**TASK DESCRIPTION**
Take from the entries below the stretch from the line with "13102 Pembrook Ct — Photo 7" through the line with "Load image into", and return it exactly, leaving the pictures out.

[Dataset entries]
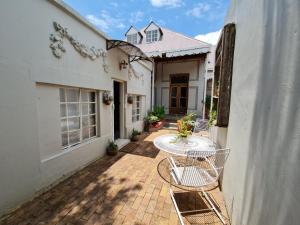 Hill Manor Room 1 Self catering unit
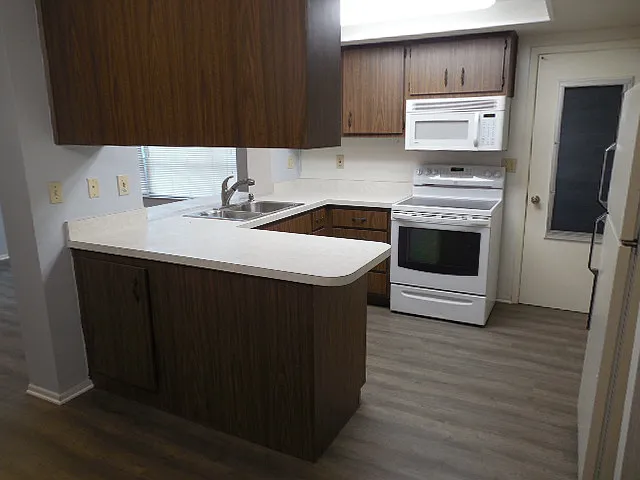 13102 Pembrook Ct — Photo 7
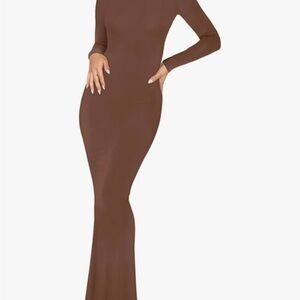 Reoria Minimalist Long Sleeve Mermaid Dress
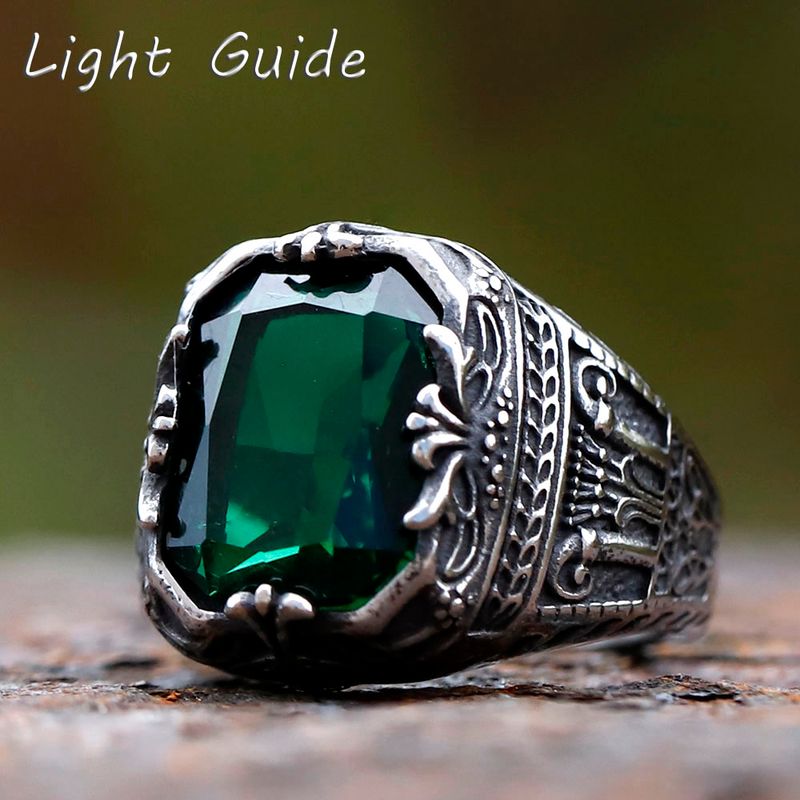 Vendite calde 2024 nuovi uomini in acciaio inossidabile moda corona totem con anello in zircone verde geometrico per gioielli da sposa per feste di anniversario_voghion.com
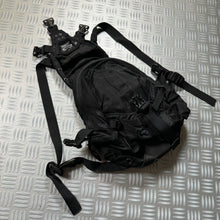 Load image into Gallery viewer, Oakley Icon 1.0 Black Mini Technical Back Pack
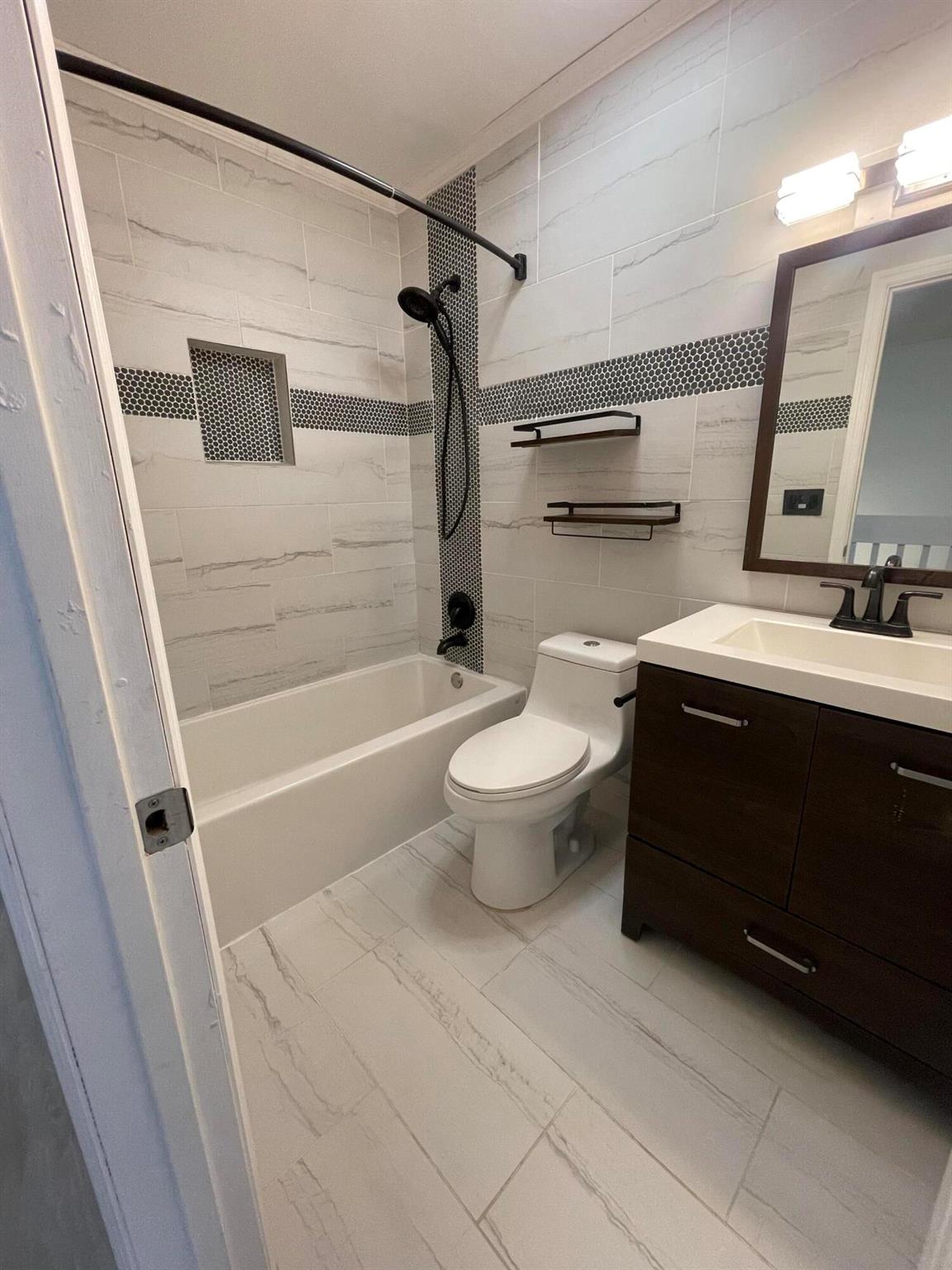 TARTAN COCONUT CREEK PHAS - Residential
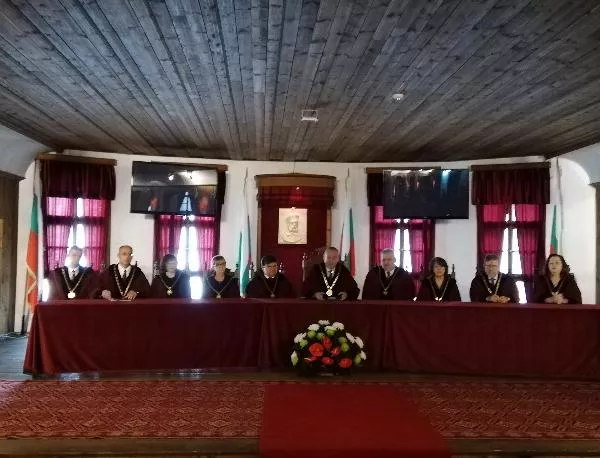Конституционният съд и заседанието му във Велико Търново - ето какво констатира за България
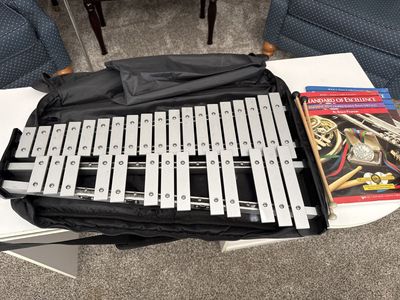 Yamaha Glockenspiel Bell Kit with Case, Mallets, and Standard of Excellence Books 1 & 2 - Great for Beginners!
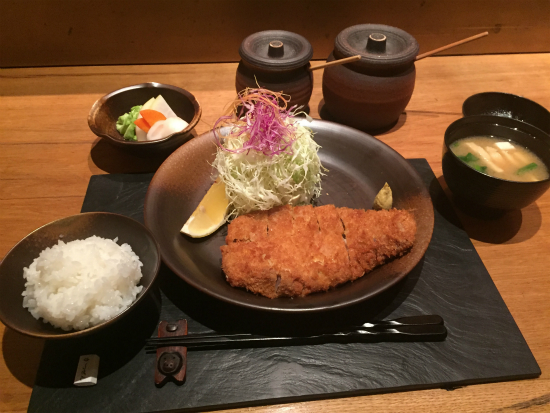 f:id:cattee:20171203231035j:plain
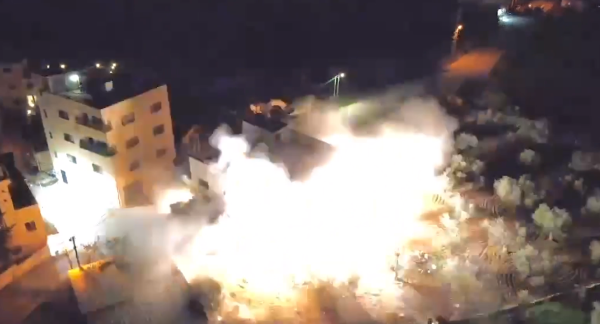 נהרס בית המחבל שרצח את האב ובנו בחווארה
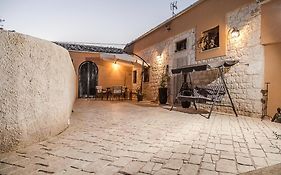 Abbraccio del Carrubo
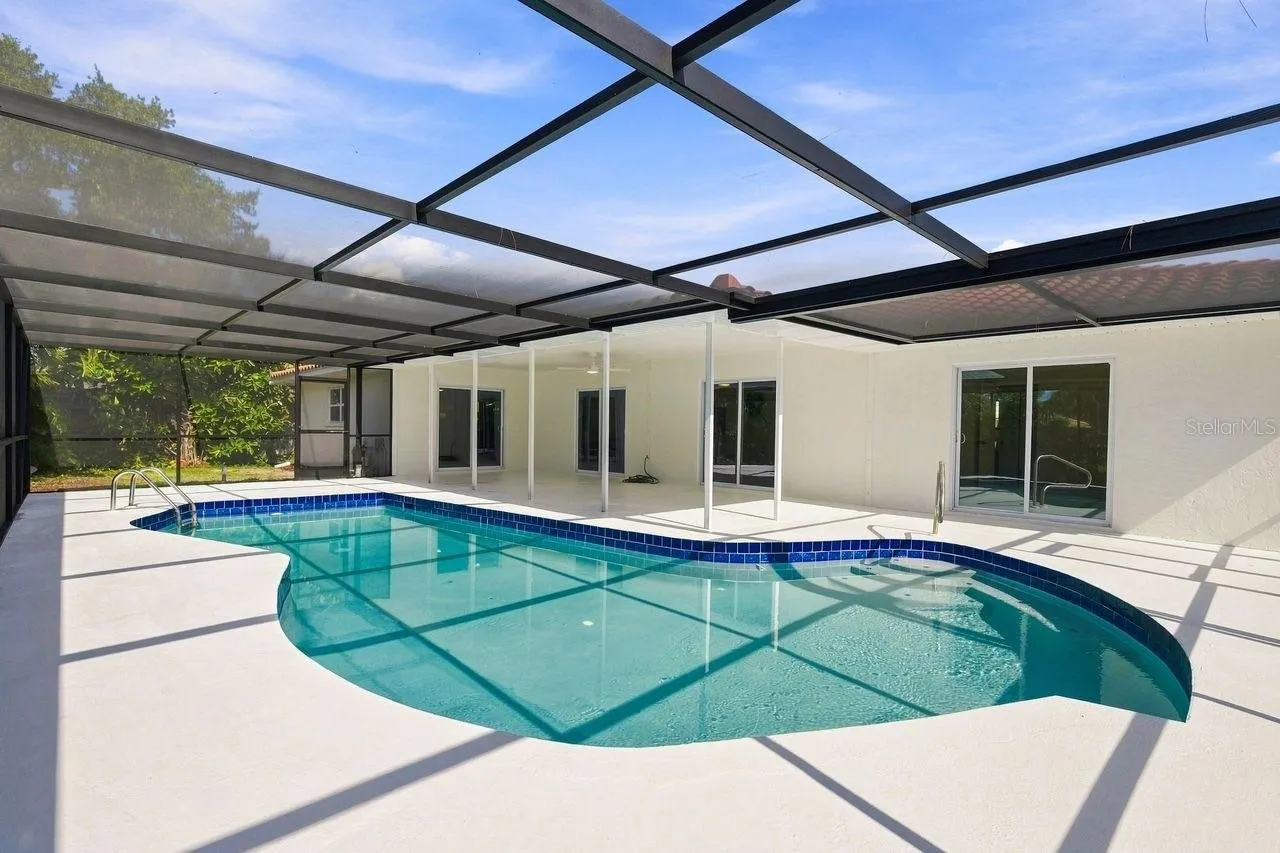 212 GIOTTO DR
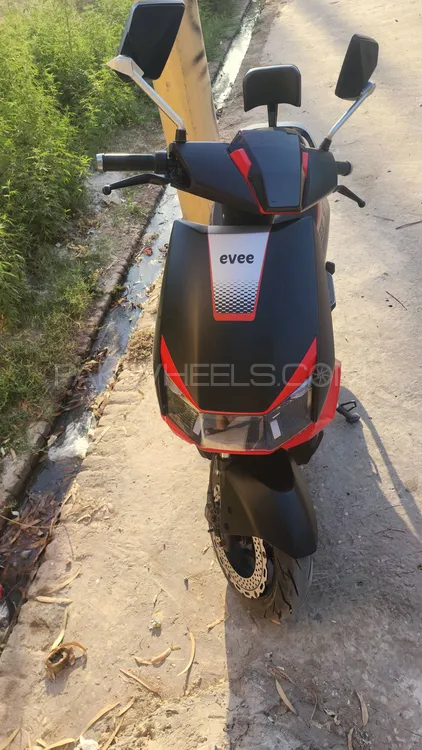 Evee S1 Pro 2025 for Sale Image-1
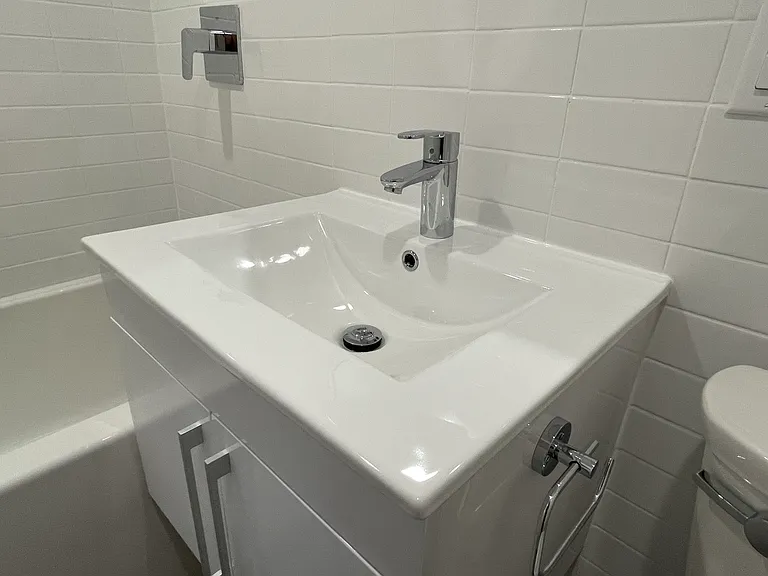 1051 Victoria Park Ave — Photo 14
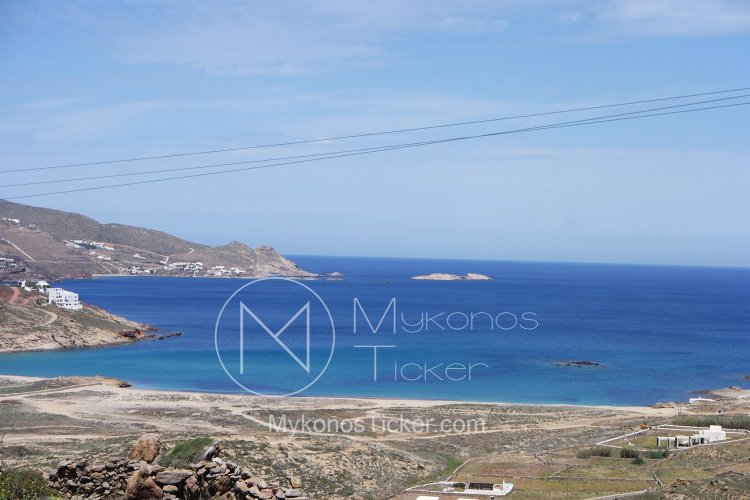 Parliament Question: Ερώτηση στη Βουλή για την τοποθέτηση ομπρελοκαθισμάτων στη Φτελιά Μυκόνου, παραλία με αρχαιολογικά ευρήματα!!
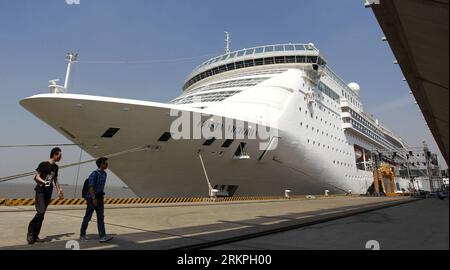 Bildnummer : 57995662 Datum : 16.05.2012 Copyright : imago/Xinhua (120516) -- SHANGHAI, 16 mai 2012 (Xinhua) -- Costa Victoria, un navire de croisière appartenant à Costa Cruises, est ancré au port de croisière international de Wusongkou (WICP) dans la municipalité de Shanghai, dans l'est de la Chine, le 16 mai 2012. Le Costa Victoria sera le premier navire de croisière outre-mer à utiliser WICP comme port d'attache depuis que WICP a officiellement commencé son service le 15 octobre 2011. (Xinhua/PEI Xin) (lmm) CHINE-SHANGHAI-WUSONGKOU PORT INTERNATIONAL DE CROISIÈRE-COSTA VICTORIA-ARRIVÉE (CN) PUBLICATIONxNOTxINxCHN Wirtschaft transport Logistik Kreuzfahrtschiff Schiff Banque D'Images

**RESPONSE BOX**
 13102 Pembrook Ct — Photo 7
 Reoria Minimalist Long Sleeve Mermaid Dress
 Vendite calde 2024 nuovi uomini in acciaio inossidabile moda corona totem con anello in zircone verde geometrico per gioielli da sposa per feste di anniversario_voghion.com
 Load image into Gallery viewer, Oakley Icon 1.0 Black Mini Technical Back Pack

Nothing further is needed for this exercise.